LONDON, Sept 19 (Reuters) – Tour group TUI (TUI1n.DE) on Tuesday confirmed its full-year outlook for the 2023 financial year, citing strong bookings in the summer and upcoming winter season despite extreme weather from flooding to heatwaves disrupting flights and holidays.
European airlines benefited from a bumper tourist season on demand for post-pandemic holidays across the continent, but extreme weather dampened some of the optimism about a strong travel rebound.
Summer bookings for 2023 were at 13.7 million, up 5% over the previous summer season, the company said in a statement.

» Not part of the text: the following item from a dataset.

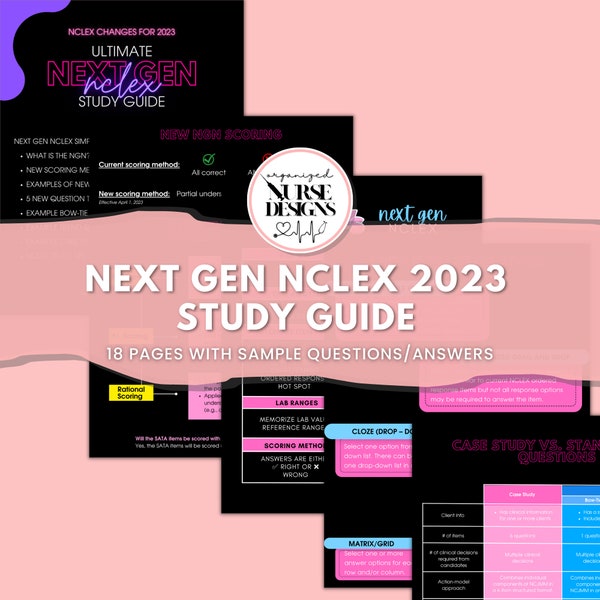 Next Generation NCLEX (NGN) Study Guide with Sample Questions | Nursing School Study Guide | NCLEX Study Guide | Nursing School Bundle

“Had it not been for the various events during the last few months which were outside of our control, not least the wildfires on Rhodes, we would have performed ahead of expectations,” CEO Sebastian Ebel said in a statement.
Forward bookings were up 15% against winter of 2022 and 2023, the company said, while summer bookings were at 96% of pre-pandemic levels.
Even as Europe battled extreme weather that sparked unprecedented levels of disruption, the company said it was on track to reconfirm its underlying earnings before interest and tax would increase substantially for the fourth quarter and the year, with continued growth set for 2025 and 2026.
Eurocontrol said in July that weather-related air travel disruption was two and a half times higher than in 2022, with thunderstorms being the largest cause of delay.
Last week, the tour firm said it was monitoring adverse weather conditions in its key destinations. Earlier it forecast losses at up to 25 million euros due to wildfires on the Greek islands.